The items claimed in respect of this period were: crew wages; the high risk bonus due to the crew for being at sea in a high risk area; crew maintenance; bunkers consumed. The expenses were incurred over a 51 day period of negotiation with the pirates which resulted in the release of the vessel on payment of a ransom of US1.85m, as opposed to the US$ 6m initially demanded. The Court of Appeal held that Rule F presupposes some real choice being made. Acceptance of the initial ransom demand is not a true alternative; nor is acceptance of any other ransom sum less than that initially demanded but greater than that eventually agreed.

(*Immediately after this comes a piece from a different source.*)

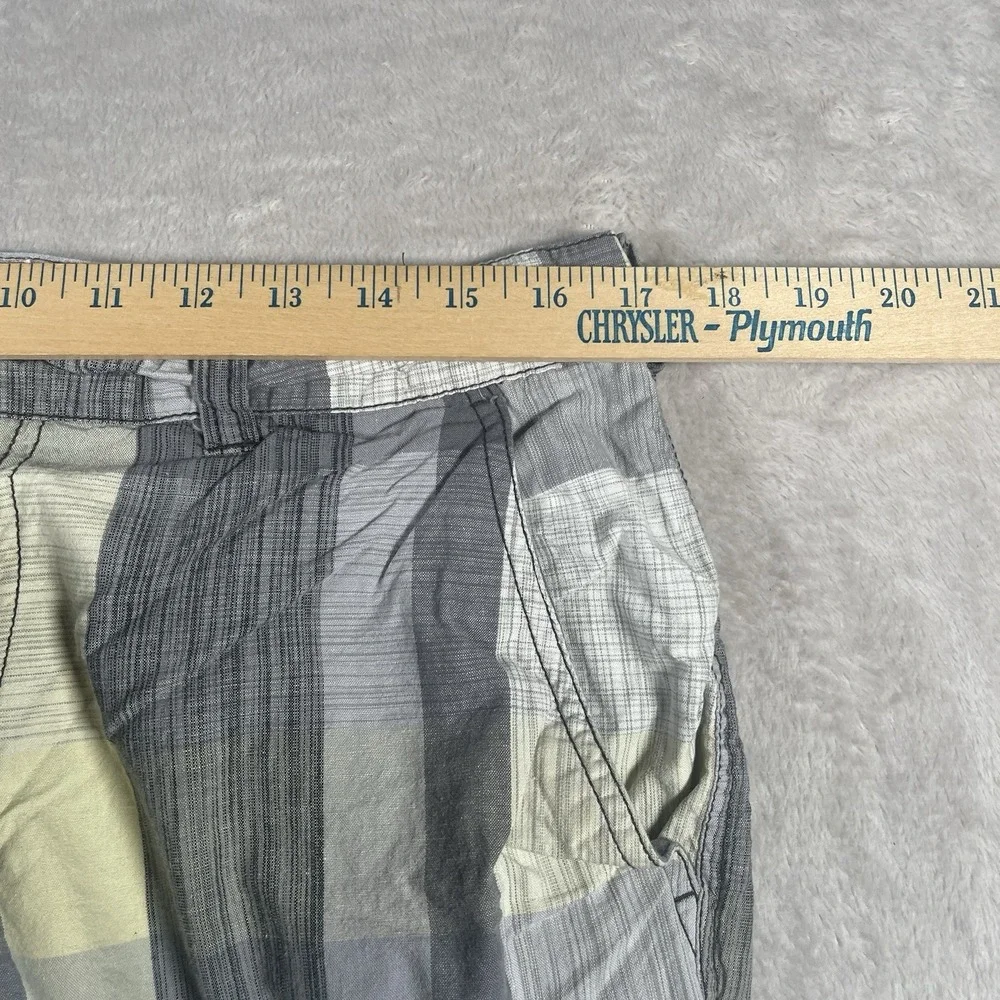 Vintage 90s OP Ocean Pacific Shorts 34 Men's Yellow/Gray Plaid Skater Grunge Y2K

The Supreme Court has now overturned the decision of the Court of Appeal and held, Lord Mance dissenting on the facts, that the four operating expenses were allowable under Rule F. The Supreme Court disagreed with the Court of Appeal’s decision that the operating expenses did not fall within Rule F because payment of a reduced ransom was not an ‘alternative course of action’ to paying the ransom initially demanded, but was merely a variant. This reasoning required a different means to be adopted to complete the adventure from that which might normally be expected. This was the prevailing view of the texts on General Average and among practitioners, but was not supported by the language of Rule F. In any event, incurring the operating expenses did represent an ‘alternative course of action’ to paying the ransom intially demanded.
Both lower courts had found that the reference in Rule F to “another expense which would have been allowable as general average” is to an expense whose quantum is such that it would have qualified as a claim under Rule A. Both lower courts had accepted that on the facts payment of the ransom in full would have been reasonable. The Supreme Court disagreed with this construction of Rule F. The reference in Rule F to ‘allowable in General Average’ did not mean that the expense (in this case payment of the full ransom demanded) had to be reasonably incurred. It had to be of a type that would constitute a General Average expense. If so, the substituted expense (in this case the payment of the lower ransom together with the operating costs during the period of negotiation) would be allowable, but only to the extent that it did not exceed the sum avoided and that it was established that it was reasonable to pay the ransom that was paid together with incurring the operating expenses and the negotiation expenses during the 51 days.
The Supreme Court also rejected cargo interest’s argument that the exclusion of indirect loss including demurrage from General Average under Rule C served to exclude the operating expenses from Rule F. Rule C did not apply to expenses recoverable under Rule F which by definition were expenses not themselves allowable in General Average but were alternatives to sums that were allowable.